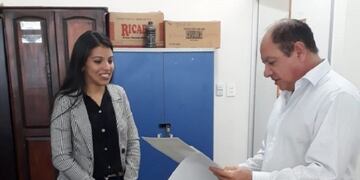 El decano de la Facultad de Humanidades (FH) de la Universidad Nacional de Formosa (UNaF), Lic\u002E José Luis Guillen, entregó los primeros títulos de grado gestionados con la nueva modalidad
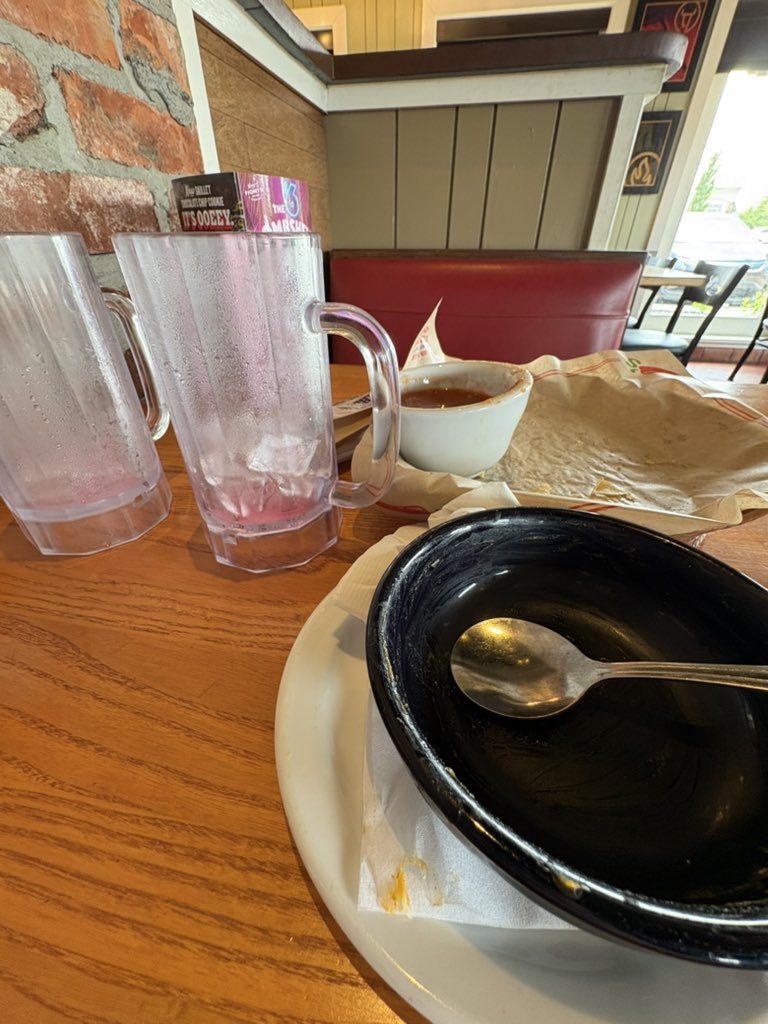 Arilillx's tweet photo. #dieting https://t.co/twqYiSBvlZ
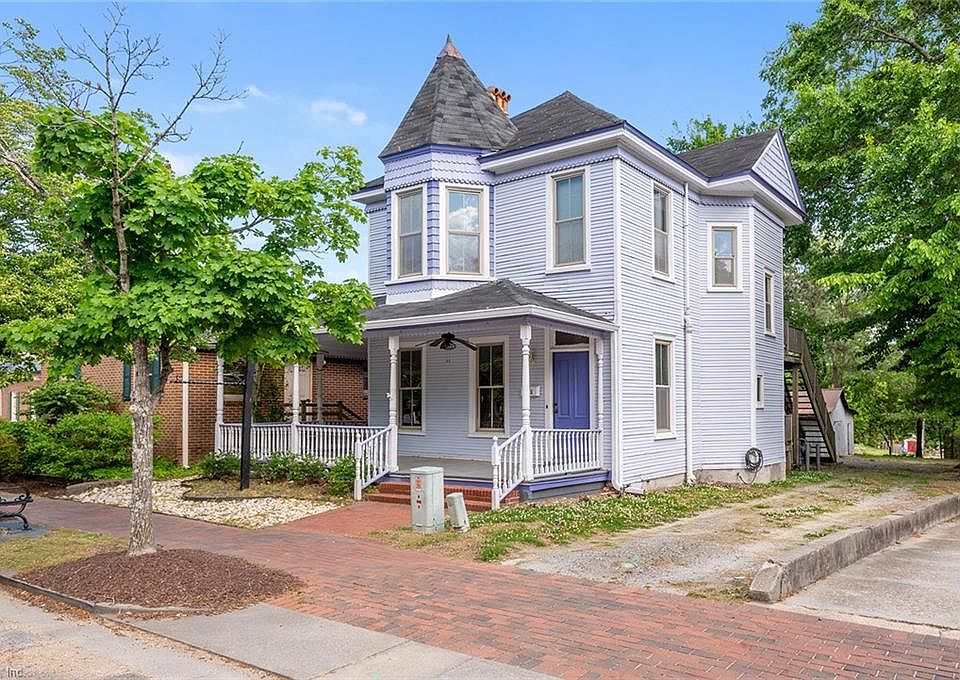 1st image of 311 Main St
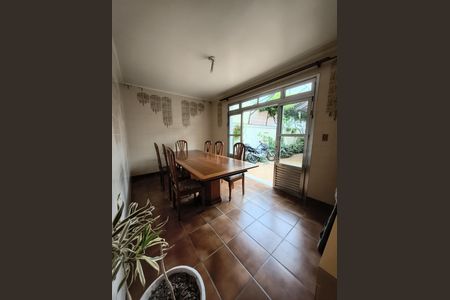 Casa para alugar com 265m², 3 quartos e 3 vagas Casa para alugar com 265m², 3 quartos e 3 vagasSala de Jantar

## About this exercise
From the material above, write out exactly the lines from the line with "1st image of 311 Main St" through the closing line, inclusive, and no pictures.

## Answer to this problem
 1st image of 311 Main St
 Casa para alugar com 265m², 3 quartos e 3 vagas Casa para alugar com 265m², 3 quartos e 3 vagasSala de Jantar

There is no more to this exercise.